(Dataset records Opens)
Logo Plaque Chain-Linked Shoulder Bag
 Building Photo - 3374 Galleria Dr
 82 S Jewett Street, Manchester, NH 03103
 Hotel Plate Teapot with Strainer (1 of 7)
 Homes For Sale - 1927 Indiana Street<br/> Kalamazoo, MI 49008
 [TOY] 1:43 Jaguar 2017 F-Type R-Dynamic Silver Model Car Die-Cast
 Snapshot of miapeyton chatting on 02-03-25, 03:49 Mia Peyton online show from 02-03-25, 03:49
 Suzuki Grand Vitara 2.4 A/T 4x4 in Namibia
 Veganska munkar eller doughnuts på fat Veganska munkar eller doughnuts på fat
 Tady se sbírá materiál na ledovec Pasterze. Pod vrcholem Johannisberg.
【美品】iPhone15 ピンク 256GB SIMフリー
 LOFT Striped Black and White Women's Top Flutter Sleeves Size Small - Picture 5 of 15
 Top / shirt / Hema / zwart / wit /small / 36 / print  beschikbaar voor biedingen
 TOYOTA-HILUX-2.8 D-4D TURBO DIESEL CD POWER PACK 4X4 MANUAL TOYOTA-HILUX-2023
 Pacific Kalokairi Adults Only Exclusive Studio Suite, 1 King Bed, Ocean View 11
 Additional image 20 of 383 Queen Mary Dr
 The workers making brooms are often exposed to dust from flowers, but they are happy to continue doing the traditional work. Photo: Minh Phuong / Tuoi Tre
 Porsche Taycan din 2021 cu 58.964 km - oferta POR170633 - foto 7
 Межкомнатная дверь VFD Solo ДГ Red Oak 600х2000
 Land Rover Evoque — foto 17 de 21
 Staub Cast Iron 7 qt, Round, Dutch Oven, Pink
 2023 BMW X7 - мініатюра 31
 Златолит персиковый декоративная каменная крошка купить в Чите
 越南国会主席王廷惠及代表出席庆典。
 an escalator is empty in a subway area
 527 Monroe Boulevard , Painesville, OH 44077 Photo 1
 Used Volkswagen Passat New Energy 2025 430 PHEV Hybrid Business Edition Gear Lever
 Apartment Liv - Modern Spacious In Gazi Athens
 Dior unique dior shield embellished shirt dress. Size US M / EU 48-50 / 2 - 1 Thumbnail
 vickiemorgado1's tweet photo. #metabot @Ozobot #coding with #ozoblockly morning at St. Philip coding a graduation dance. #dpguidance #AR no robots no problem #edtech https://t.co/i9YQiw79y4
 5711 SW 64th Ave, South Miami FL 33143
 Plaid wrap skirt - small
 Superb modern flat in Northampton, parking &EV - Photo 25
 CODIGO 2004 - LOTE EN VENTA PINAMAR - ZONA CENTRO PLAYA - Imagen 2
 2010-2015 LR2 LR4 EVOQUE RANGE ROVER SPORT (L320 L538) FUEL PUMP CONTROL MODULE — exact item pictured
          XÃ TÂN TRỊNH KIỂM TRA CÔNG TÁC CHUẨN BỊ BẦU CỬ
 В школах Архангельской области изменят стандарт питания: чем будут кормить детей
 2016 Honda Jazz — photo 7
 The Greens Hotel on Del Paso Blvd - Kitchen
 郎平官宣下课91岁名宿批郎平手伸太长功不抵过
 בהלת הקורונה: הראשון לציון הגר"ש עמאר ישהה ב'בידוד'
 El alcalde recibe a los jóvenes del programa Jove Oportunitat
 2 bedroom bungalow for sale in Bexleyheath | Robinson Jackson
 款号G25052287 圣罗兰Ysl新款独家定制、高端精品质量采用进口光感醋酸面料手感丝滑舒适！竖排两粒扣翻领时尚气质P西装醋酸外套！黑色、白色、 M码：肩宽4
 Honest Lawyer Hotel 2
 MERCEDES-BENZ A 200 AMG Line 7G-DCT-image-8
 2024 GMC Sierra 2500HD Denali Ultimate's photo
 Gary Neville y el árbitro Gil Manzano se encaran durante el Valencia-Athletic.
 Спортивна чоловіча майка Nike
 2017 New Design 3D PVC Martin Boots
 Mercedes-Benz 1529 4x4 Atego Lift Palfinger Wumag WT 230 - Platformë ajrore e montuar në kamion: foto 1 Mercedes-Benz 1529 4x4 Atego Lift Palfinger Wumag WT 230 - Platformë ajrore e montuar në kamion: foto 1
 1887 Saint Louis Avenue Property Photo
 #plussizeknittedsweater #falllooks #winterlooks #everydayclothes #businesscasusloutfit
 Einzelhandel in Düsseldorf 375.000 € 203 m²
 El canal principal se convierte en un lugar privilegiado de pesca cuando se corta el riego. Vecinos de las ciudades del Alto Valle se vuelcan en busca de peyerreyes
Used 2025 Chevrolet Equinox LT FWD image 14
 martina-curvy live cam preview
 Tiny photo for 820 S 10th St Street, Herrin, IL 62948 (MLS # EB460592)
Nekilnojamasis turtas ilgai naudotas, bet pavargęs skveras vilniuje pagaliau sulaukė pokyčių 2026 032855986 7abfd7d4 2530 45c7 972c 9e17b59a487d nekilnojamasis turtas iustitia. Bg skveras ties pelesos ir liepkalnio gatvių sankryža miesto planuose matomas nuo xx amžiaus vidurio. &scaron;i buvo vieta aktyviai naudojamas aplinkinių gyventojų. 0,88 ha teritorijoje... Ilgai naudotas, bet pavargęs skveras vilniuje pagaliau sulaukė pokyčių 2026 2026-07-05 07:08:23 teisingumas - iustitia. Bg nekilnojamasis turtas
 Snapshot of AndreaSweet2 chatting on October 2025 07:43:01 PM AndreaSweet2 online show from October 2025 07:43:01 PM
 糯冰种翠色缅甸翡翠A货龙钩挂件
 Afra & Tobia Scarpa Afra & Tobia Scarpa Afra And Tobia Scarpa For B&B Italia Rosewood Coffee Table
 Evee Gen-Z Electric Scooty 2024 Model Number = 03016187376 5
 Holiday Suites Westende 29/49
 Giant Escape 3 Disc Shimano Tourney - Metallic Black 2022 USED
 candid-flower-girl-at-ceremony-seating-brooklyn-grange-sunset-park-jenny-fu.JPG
(Dataset records Closes)
**Task instructions**
Return all lines from the entries that contain the string "with".

**Answer section**
 Hotel Plate Teapot with Strainer (1 of 7)
 vickiemorgado1's tweet photo. #metabot @Ozobot #coding with #ozoblockly morning at St. Philip coding a graduation dance. #dpguidance #AR no robots no problem #edtech https://t.co/i9YQiw79y4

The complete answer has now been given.